To each his own, but not for me.

REW

If you grew up in East TX, then I'm sure you remember the incident in Jasper, where a black man was dragged behing a pickup truck until dead.

I have lived and worked all across the South, from TX to VA. There have been problems in race relations
all over the country, not just in the South. Some of the most racist people I have known were from Detroit and Chicago.

Mississippi is not my native state. I have seen a lot of progress in race relations during the past 50 years and there remains a long way to go, even now.

I don't mess with TX and don't you mess with MS.
 
http://www.mississippi.org/retire/

What do you MS guys think about the recommendations the above site gives?


I don't live in one of the reommended retirement cities, but live within an hour of several. There are only three of those that I have not visited. If you want some culture and college sports, try Oxford, Starkville, or Hattiesburg. You see that Jackson is not listed, for a number of reasons that I won't go into here.
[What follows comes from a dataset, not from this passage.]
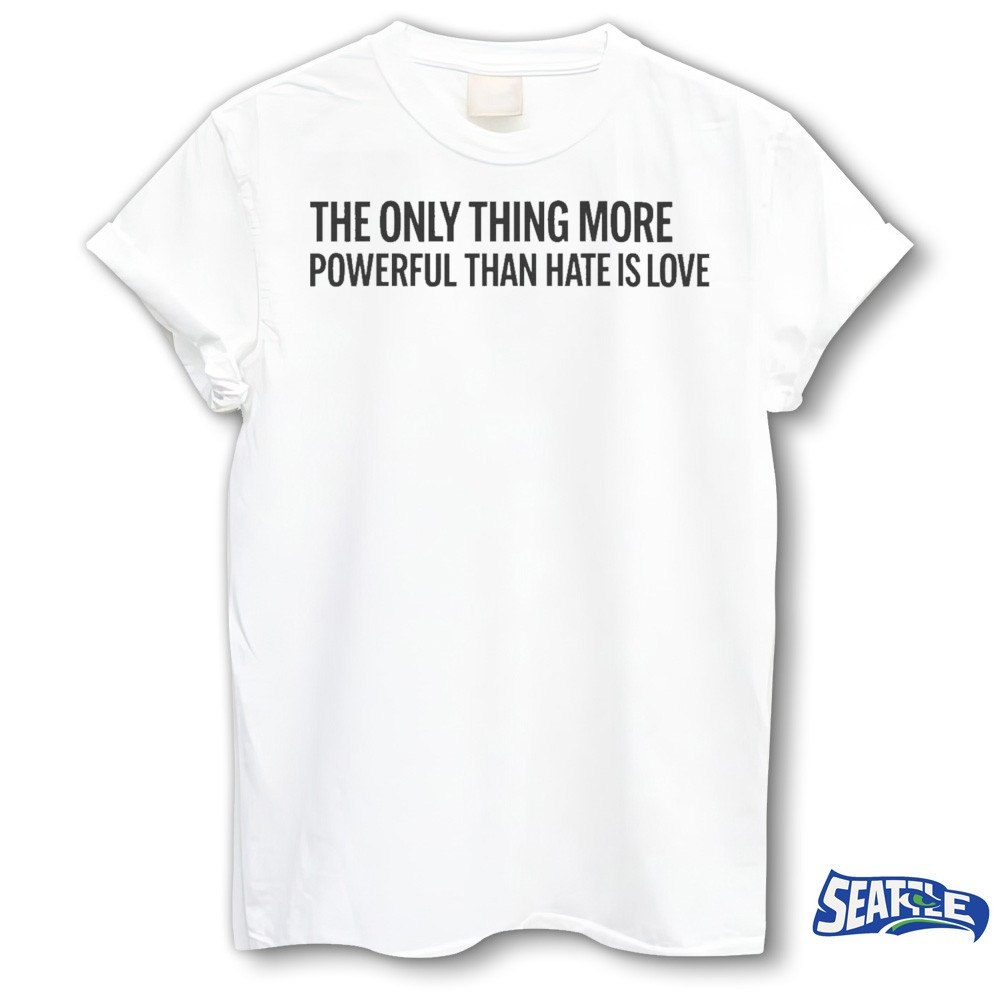 2026 Bad Bunny The Only Thing More Powerful Than Hate is Love Shirt 2026 Bad Bunny The Only Thing More Powerful Than Hate is Love Shirt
It should be easy to rent a place for a few months and see what it's like. I moved here from another southern state many years ago and cannot see myself leaving.
 
I wish you people would quit talking about Ms - too close to home in La. After this Dammed Yankee(me) - we don't need too many more - the place will get too crowded.

I remember in the 70's when Slidell, La and someplace in Arizona (Prescot?) went back and forth for no. one in the nation for new housing starts.
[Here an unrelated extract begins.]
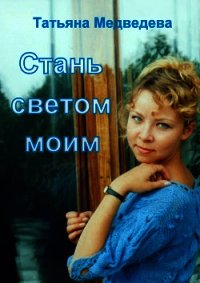 Стань светом моим (СИ) - Медведева Татьяна Леонидовна "Стелванда"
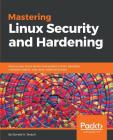 Mastering Linux Security and Hardening: Secure your Linux server and protect it from intruders, malware attacks, and other external threats By Donald a. Tevault Cover Image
Move to Nevada - I have relatives outside Reno - nice place.
 
http://www.mississippi.org/retire/

What do you MS guys think about the recommendations the above site gives?
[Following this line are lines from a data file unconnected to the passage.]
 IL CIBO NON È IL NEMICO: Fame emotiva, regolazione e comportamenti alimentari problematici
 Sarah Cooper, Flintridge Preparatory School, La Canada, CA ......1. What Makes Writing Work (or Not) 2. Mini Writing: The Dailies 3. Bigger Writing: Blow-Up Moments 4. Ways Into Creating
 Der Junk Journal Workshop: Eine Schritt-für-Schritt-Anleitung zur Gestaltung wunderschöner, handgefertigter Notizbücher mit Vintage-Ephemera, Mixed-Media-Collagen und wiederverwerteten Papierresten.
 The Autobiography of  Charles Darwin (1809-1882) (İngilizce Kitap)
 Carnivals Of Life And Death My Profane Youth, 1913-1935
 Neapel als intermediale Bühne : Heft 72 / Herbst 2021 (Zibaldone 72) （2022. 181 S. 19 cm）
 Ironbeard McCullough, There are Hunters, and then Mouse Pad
I have lived in Meridian, MS most of my life and plan to retire here. For a city of 40k people, you can't beat the health care. Three hospitals that serves east MS and west AL. But if I were considering relocating to MS I would consider Hattiesburg. The city is slightly larger than here and has alot more going on.  Several golf courses, Univ of Southern MS located there and very nice subdivisions at affordable prices. 2 hours from New Orleans and about 2.5 hours to Destin, FL. Good location to retire. Thats my pr statement for the day! 8)
 
...There have been problems in race relations all over the country, not just in the South.
Polloloco, my post made absolutely no reference to race relations in MS. I'm not sure what triggered your response.

My point was simply that I found life in MS to be significantly behind the times and not necessarily in a positive way. It is not an area that I would choose as a retirement destination. Admittedly, my experience is dated by several years, but things don't change very rapidly in the Deep South.